** Opening SUPPLIED RECORDS block **

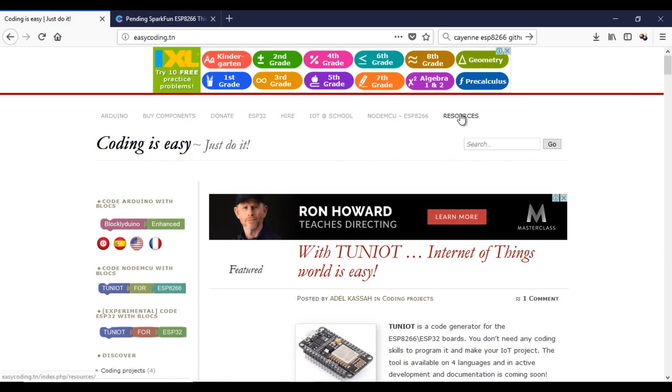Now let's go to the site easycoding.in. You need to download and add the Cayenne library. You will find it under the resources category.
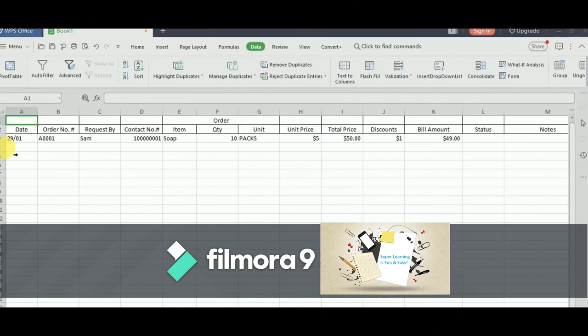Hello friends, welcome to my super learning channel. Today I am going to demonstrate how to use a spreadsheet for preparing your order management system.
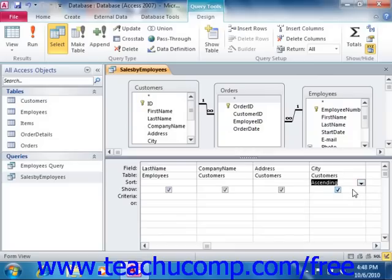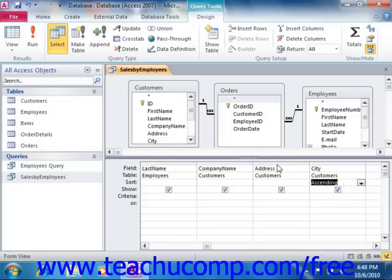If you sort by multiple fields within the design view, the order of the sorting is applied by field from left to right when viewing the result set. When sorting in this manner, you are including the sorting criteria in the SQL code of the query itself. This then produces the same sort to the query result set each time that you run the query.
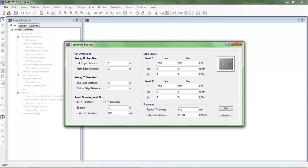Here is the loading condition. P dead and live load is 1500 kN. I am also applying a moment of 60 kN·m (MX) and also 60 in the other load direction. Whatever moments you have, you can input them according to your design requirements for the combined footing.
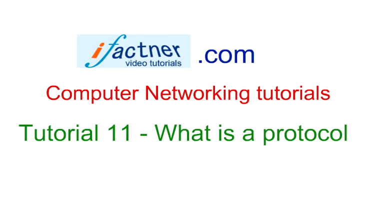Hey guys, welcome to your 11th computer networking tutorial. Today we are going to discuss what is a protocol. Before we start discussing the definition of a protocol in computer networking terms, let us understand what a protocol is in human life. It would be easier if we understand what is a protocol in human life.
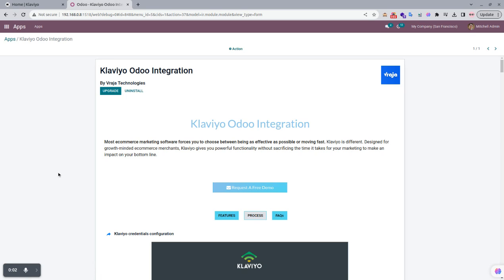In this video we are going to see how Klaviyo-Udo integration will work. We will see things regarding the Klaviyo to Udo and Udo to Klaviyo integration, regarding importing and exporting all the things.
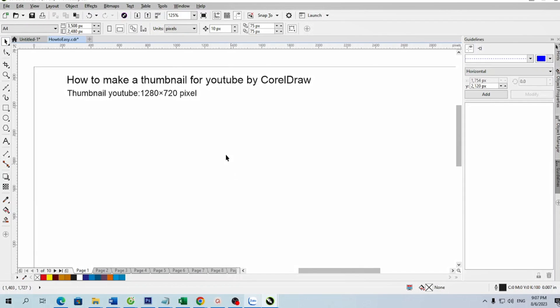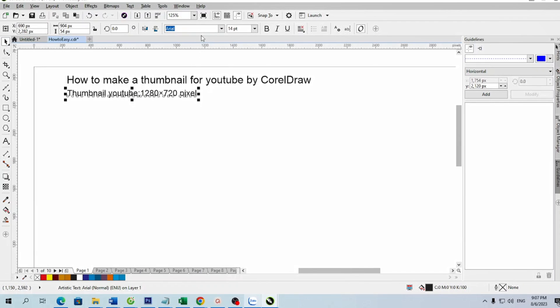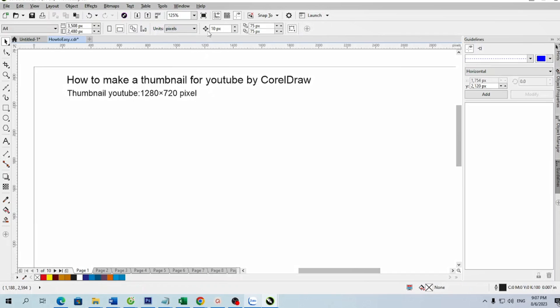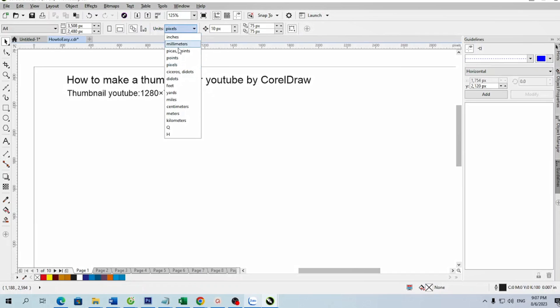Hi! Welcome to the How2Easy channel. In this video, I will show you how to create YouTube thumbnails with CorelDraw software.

** Closing SUPPLIED RECORDS block **

#### [YOUR OBJECTIVE]
Leaving out the pictures, please output the lines in the entries above from the one with "Hello friends, welcome" through the one with "If you sort", exactly as they are.

#### [ANSWER BELOW]
Hello friends, welcome to my super learning channel. Today I am going to demonstrate how to use a spreadsheet for preparing your order management system.
If you sort by multiple fields within the design view, the order of the sorting is applied by field from left to right when viewing the result set. When sorting in this manner, you are including the sorting criteria in the SQL code of the query itself. This then produces the same sort to the query result set each time that you run the query.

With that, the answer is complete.